The health care co-ops as suggested by Senator Kent Conrad seem to be rising to the top as the compromise option of choice. Today Senator Conrad has been all over the Sunday talk shows claiming that he and his fellow liberals don’t have the votes for a “public option” health care plan and that they need to try something else. Namely, his co-ops idea. And unfortunately at least one Republican was open to that idea as a compromise.
WASHINGTON — A Republican senator says a potential administration shift from a government-run health insurance to a privately run cooperative is something that opponents like him should consider.
Alabama’s Richard Shelby is a vocal opponent of the health care overhaul proposed by President Barack Obama. Shelby says he sees insurance co-ops as “a step away from the government take over of the health care system.”
He says “that’s something we should look at.”
Democratic Sen.
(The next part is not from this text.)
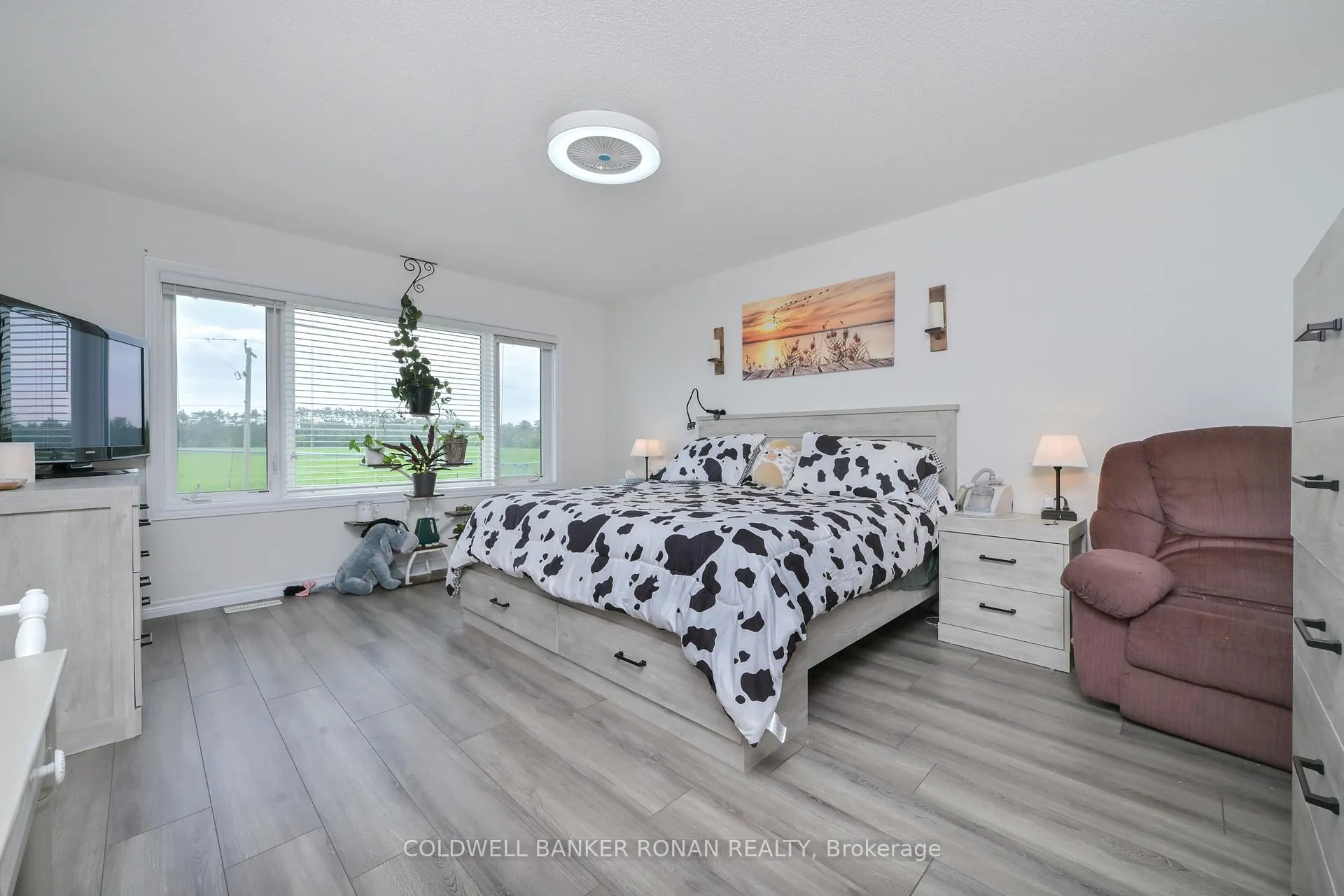 Photo 16 of 73 Wagner Crescent, Essa, Angus — HOMEH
Kent Conrad of North Dakota has been pushing the co-op system as an alternative to a government-run public option to help cover the nation’s nearly 50 million uninsured. Conrad says it’s an idea that has worked well in other business models.
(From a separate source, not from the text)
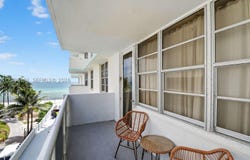 3725 S Ocean Dr, Hollywood, FL 33019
Republicans shouldn’t be looking at health care co-ops. They should be rejecting co-ops as government heath care. Because they are, in fact, government health care. As I’ve pointed out before, co-ops would be created by the government. They’d be funded by the government. They’d be managed by the government. And you’d buy into them through government health care exchanges.
If that’s not government health care, what is?
What’s more, these government-sponsored co-ops would no doubt have all the same sort of perks and bailouts other government sponsored entities such as Fannie Mae and Freddie Mac get. Competing private insurers would be at a disadvantage, and co-ops would come to dominate the insurance industry in the same way Fannie and Freddie have dominated the housing markets.
We don’t want a “Fannie Mae” for health care. We need to make people more independent.